* Goal of the exercise
Beginning at the line that mentions "Raksta foto", retype the rest of the records below exactly. Pictures are not part of the copy.

[Web page caption snippets]
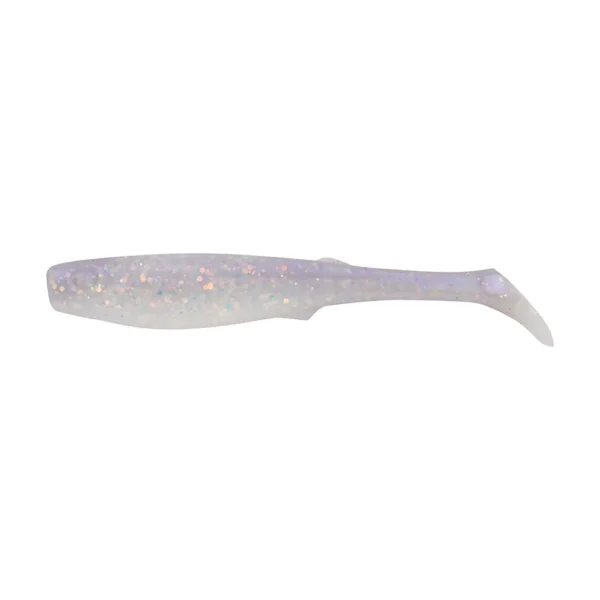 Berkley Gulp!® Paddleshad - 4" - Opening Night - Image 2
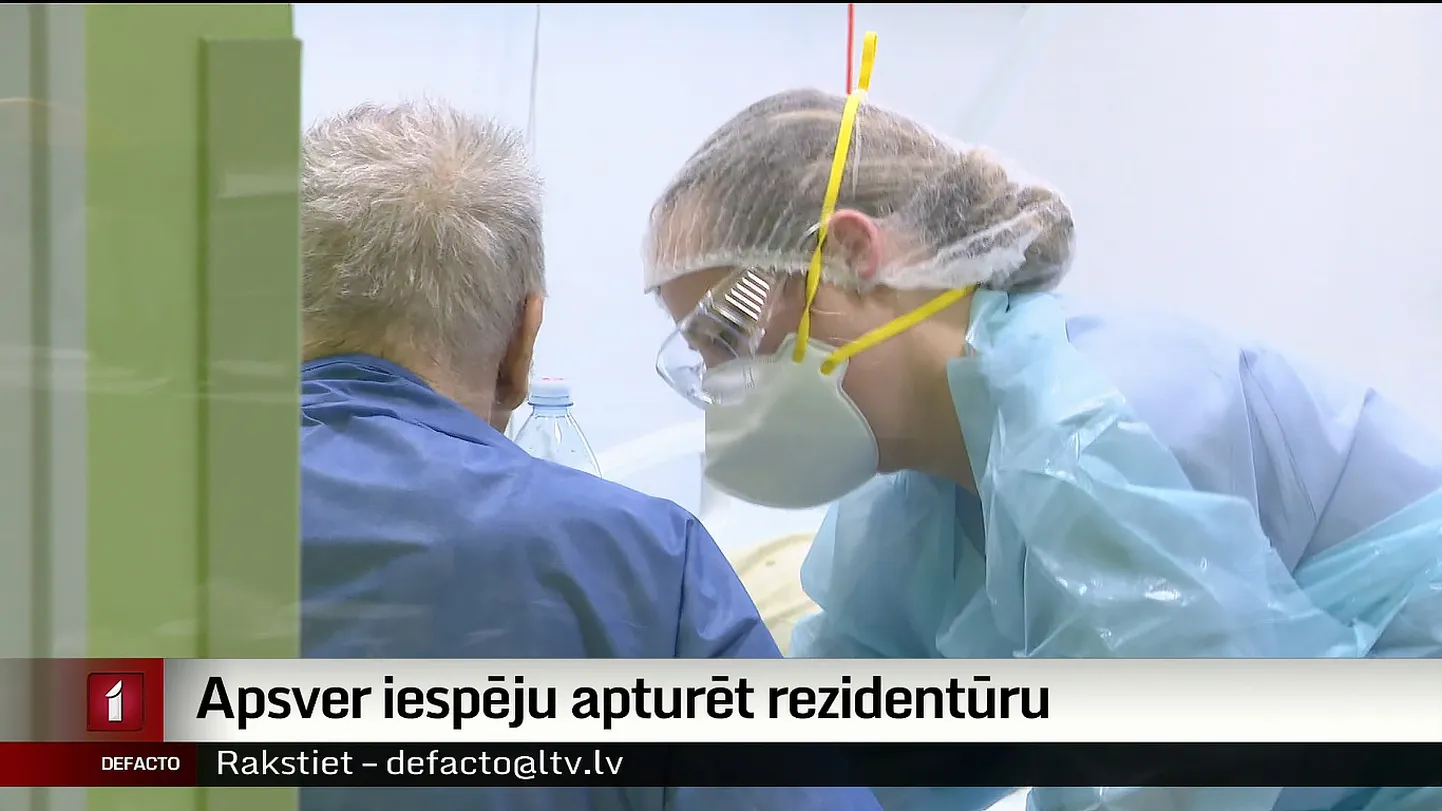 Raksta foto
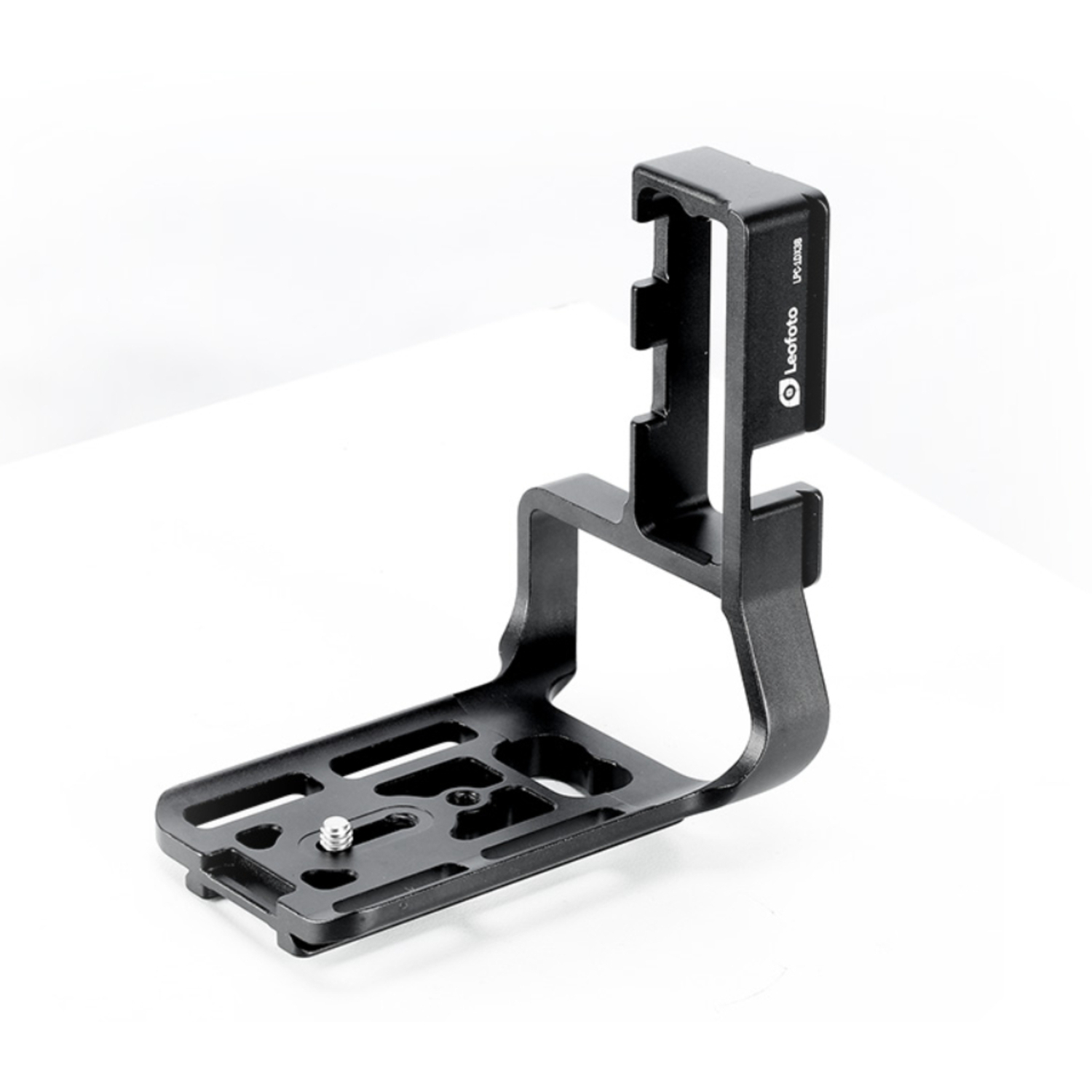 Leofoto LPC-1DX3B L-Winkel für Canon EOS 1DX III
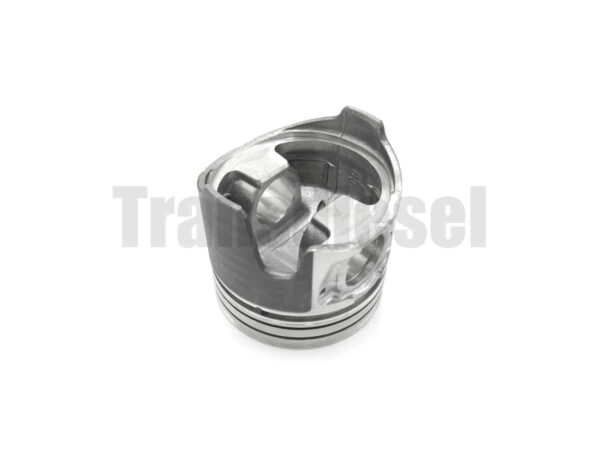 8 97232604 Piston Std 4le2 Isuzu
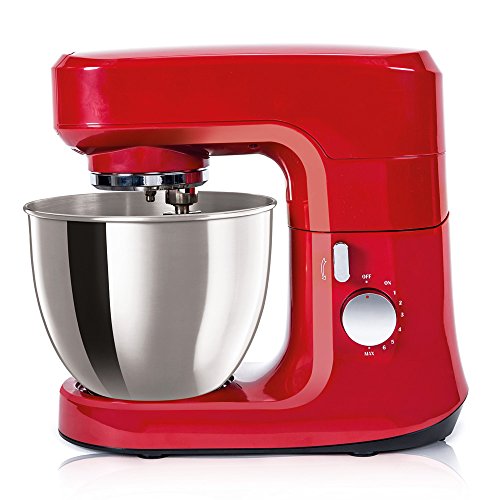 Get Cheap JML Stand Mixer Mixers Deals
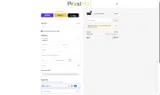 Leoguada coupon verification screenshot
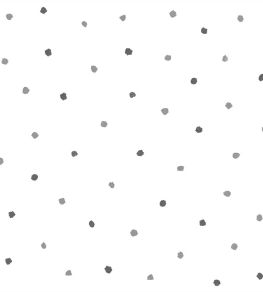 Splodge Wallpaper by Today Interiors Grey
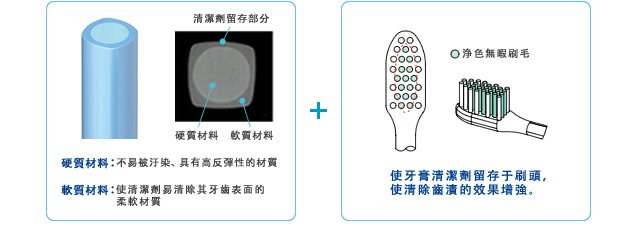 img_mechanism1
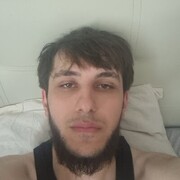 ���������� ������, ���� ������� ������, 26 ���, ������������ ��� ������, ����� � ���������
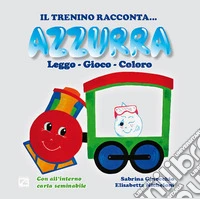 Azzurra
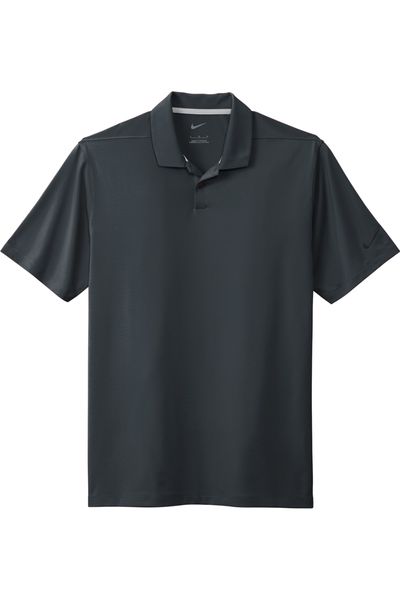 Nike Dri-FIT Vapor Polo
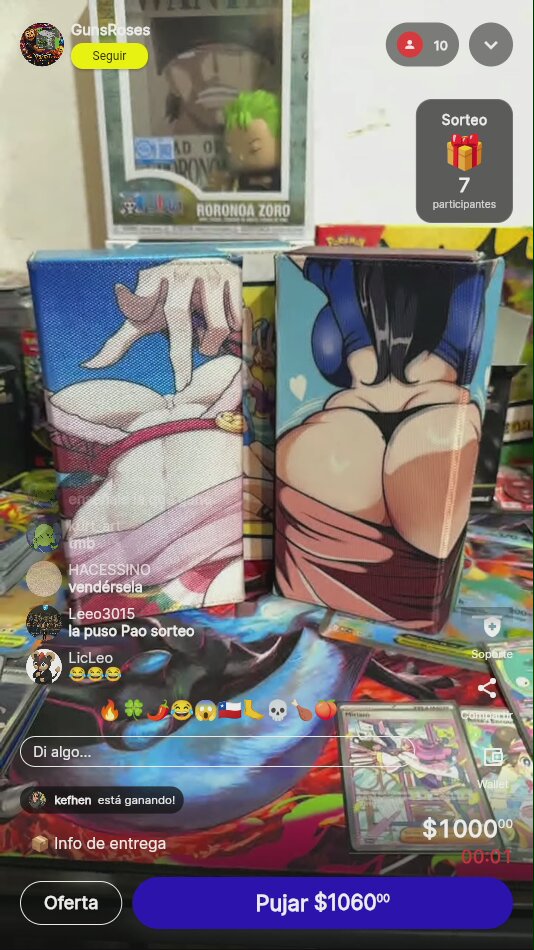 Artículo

* Reply to the exercise
 Raksta foto
 Leofoto LPC-1DX3B L-Winkel für Canon EOS 1DX III
 8 97232604 Piston Std 4le2 Isuzu
 Get Cheap JML Stand Mixer Mixers Deals
 Leoguada coupon verification screenshot
 Splodge Wallpaper by Today Interiors Grey
 img_mechanism1
 ���������� ������, ���� ������� ������, 26 ���, ������������ ��� ������, ����� � ���������
 Azzurra
 Nike Dri-FIT Vapor Polo
 Artículo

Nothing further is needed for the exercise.